- Instructions for the task -
Set down the full listing below word for word; pictures stay out of the copy.
Segment Open
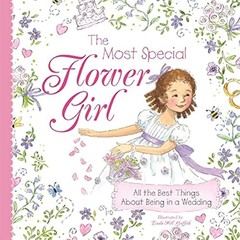 The Most Special Flower Girl: All the Best Things About Being in a Wedding…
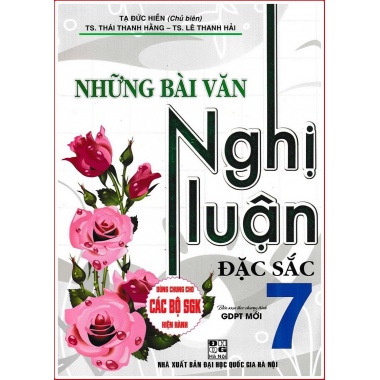 Những Bài Văn Nghị Luận Đặc Sắc Lớp 7 (Dùng Chung Cho Các Bộ SGK Mới Hiện Hành)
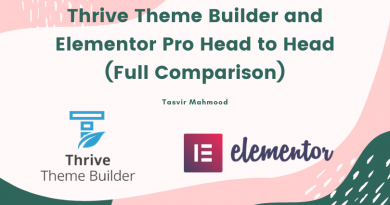 Thrive Theme Builder and Elementor Pro Head to Head (Full Comparison) Thrive Theme Builder and Elementor Pro Head to Head (Full Comparison)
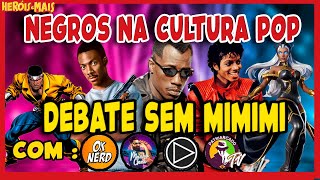 DEBATE  NEGROS NA CULTURA POP e O ATIVISMO POLÍTICO [upl. by Marchelle]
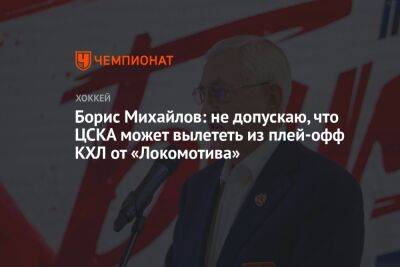 Борис Михайлов: не допускаю, что ЦСКА может вылететь из плей-офф КХЛ от «Локомотива»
Segment Closed
- Result for this exercise -
 The Most Special Flower Girl: All the Best Things About Being in a Wedding…
 Những Bài Văn Nghị Luận Đặc Sắc Lớp 7 (Dùng Chung Cho Các Bộ SGK Mới Hiện Hành)
 Thrive Theme Builder and Elementor Pro Head to Head (Full Comparison) Thrive Theme Builder and Elementor Pro Head to Head (Full Comparison)
 DEBATE  NEGROS NA CULTURA POP e O ATIVISMO POLÍTICO [upl. by Marchelle]
 Борис Михайлов: не допускаю, что ЦСКА может вылететь из плей-офф КХЛ от «Локомотива»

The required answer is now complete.